_WHAT IS EXPECTED_
Reproduce the records below in full and exactly, without their images.

_WORKING DATA_

+++

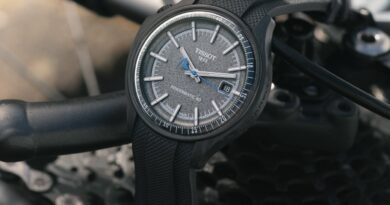 Tissot Pinarello Special Edition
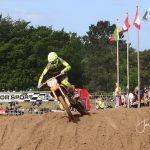 Motocross på tysk – i Randers
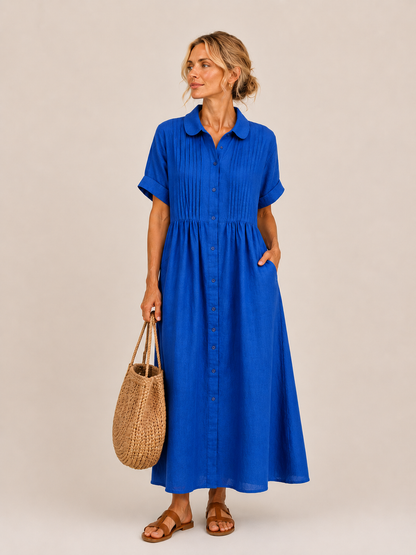Capri | Midi Jurk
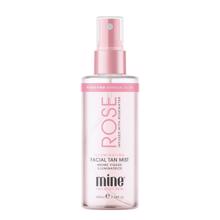 Minetan - Illuminating Facial Tan Mist – Rosemist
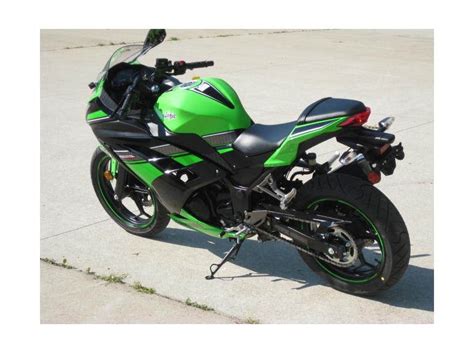 The site owner hides the web page description. 2013 Kawasaki EX300 Ninja 300 for sale on 2040-motos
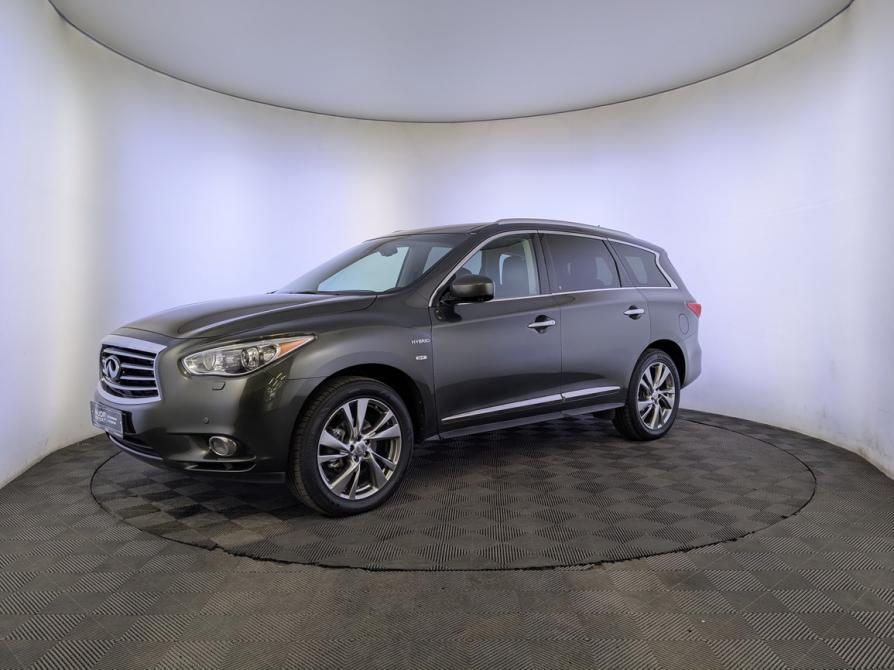 Infiniti QX60 I Москва  - изображение 1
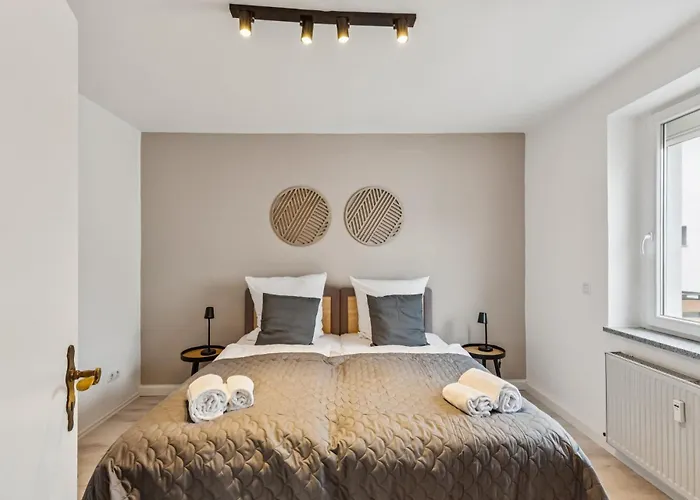 Apartament Stadtbuden Mit Charme - Kueche, Wohnzimmer, Kaffee- Und Teebar Und Garten *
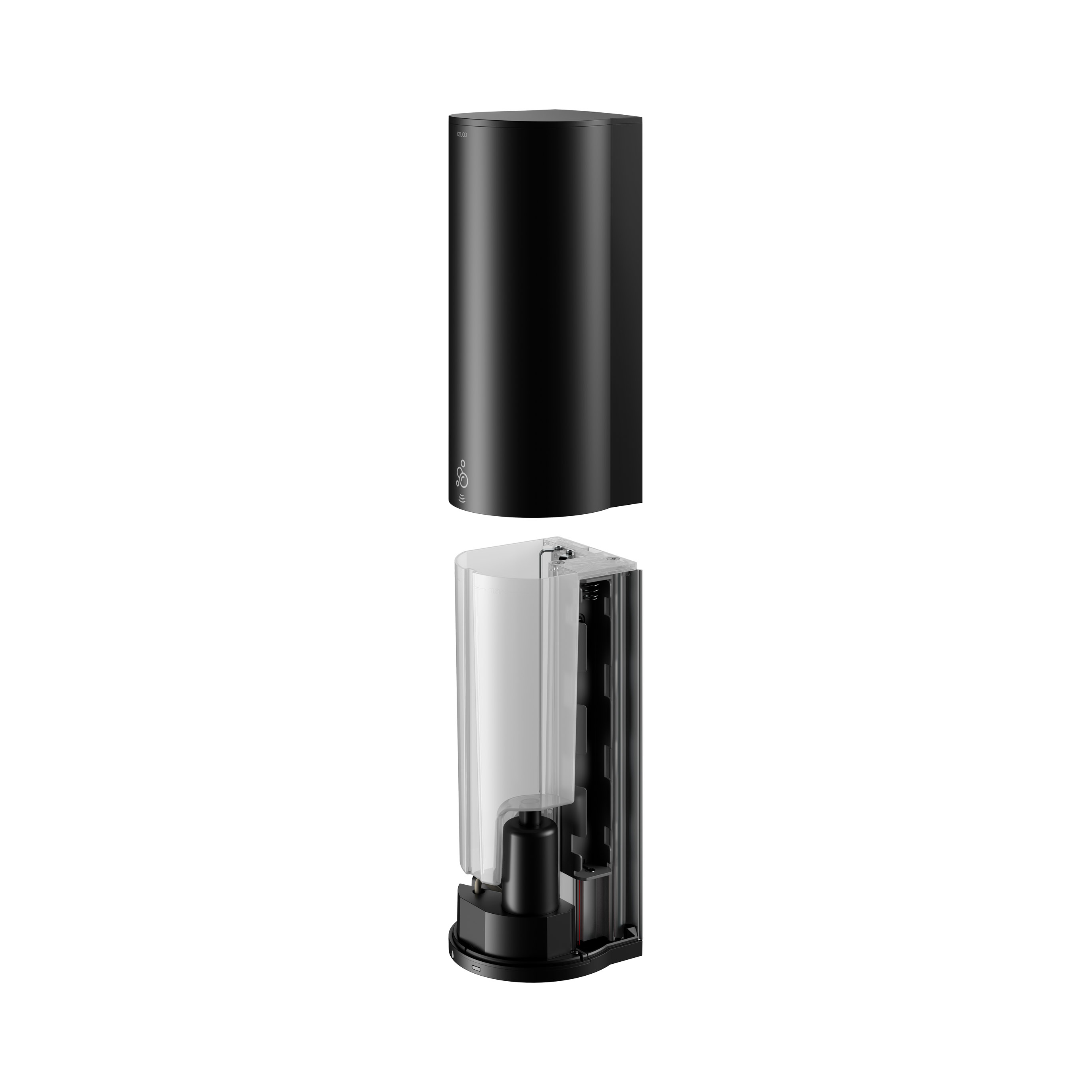 Plan Sensor Seifenspender Wandmodell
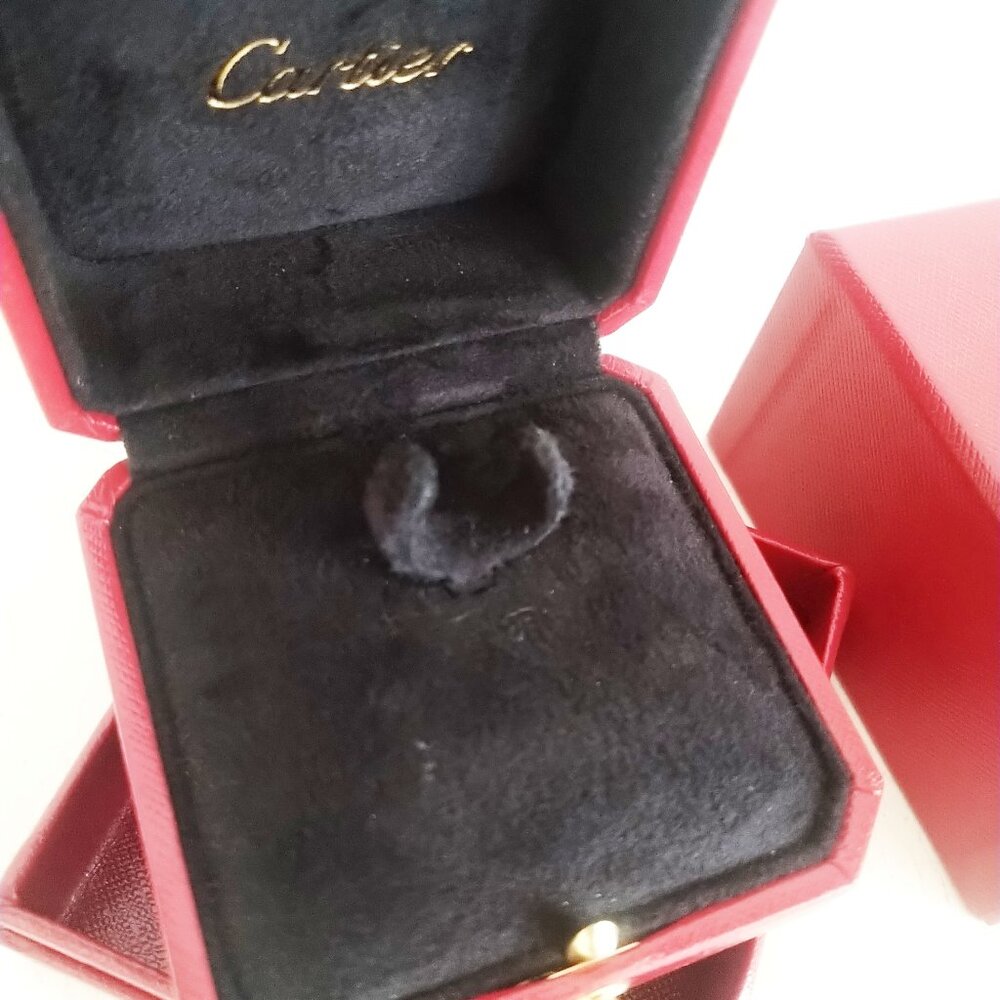 CARTIER Complete Ring Box - Picture 8 of 11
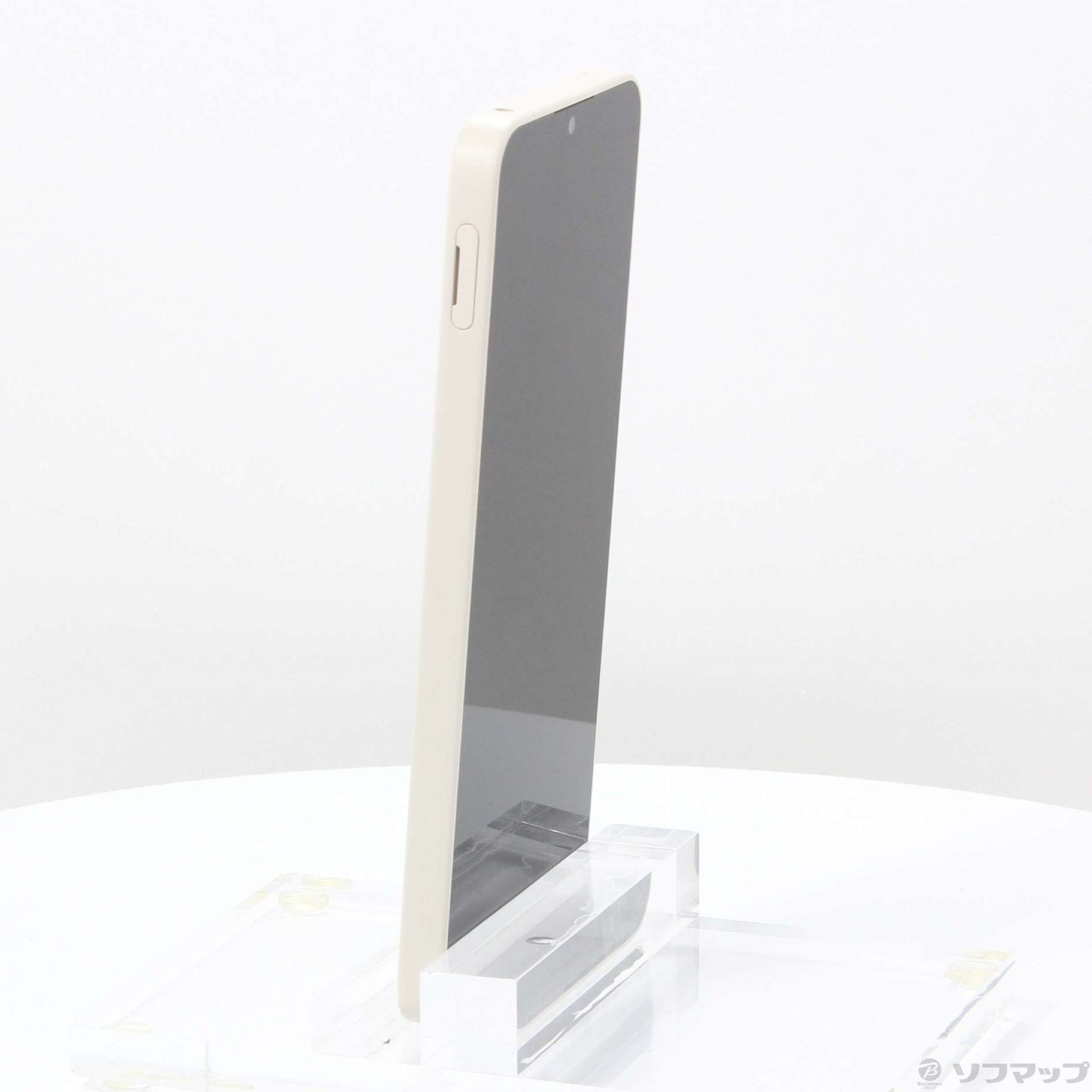 中古】AQUOS wish4 64GB ホワイト SH-52E docomo SIMフリー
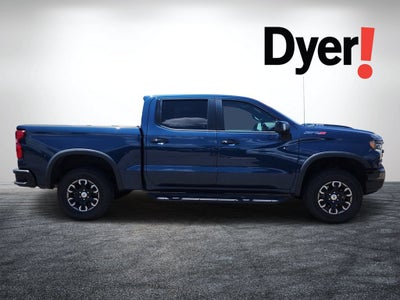 2022 Chevrolet Silverado 1500 ZR2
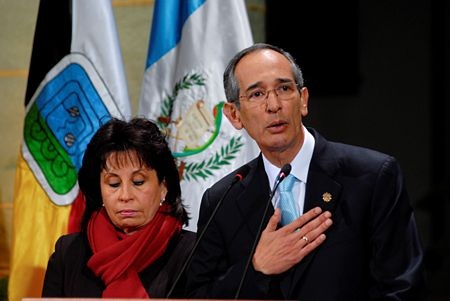 Những nguyên thủ ly hôn trong khi tại vị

+++

_RESULT OF THE EXERCISE_
 Tissot Pinarello Special Edition
 Motocross på tysk – i Randers
Capri | Midi Jurk
 Minetan - Illuminating Facial Tan Mist – Rosemist
 The site owner hides the web page description. 2013 Kawasaki EX300 Ninja 300 for sale on 2040-motos
 Infiniti QX60 I Москва  - изображение 1
 Apartament Stadtbuden Mit Charme - Kueche, Wohnzimmer, Kaffee- Und Teebar Und Garten *
 Plan Sensor Seifenspender Wandmodell
 CARTIER Complete Ring Box - Picture 8 of 11
 中古】AQUOS wish4 64GB ホワイト SH-52E docomo SIMフリー
 2022 Chevrolet Silverado 1500 ZR2
 Những nguyên thủ ly hôn trong khi tại vị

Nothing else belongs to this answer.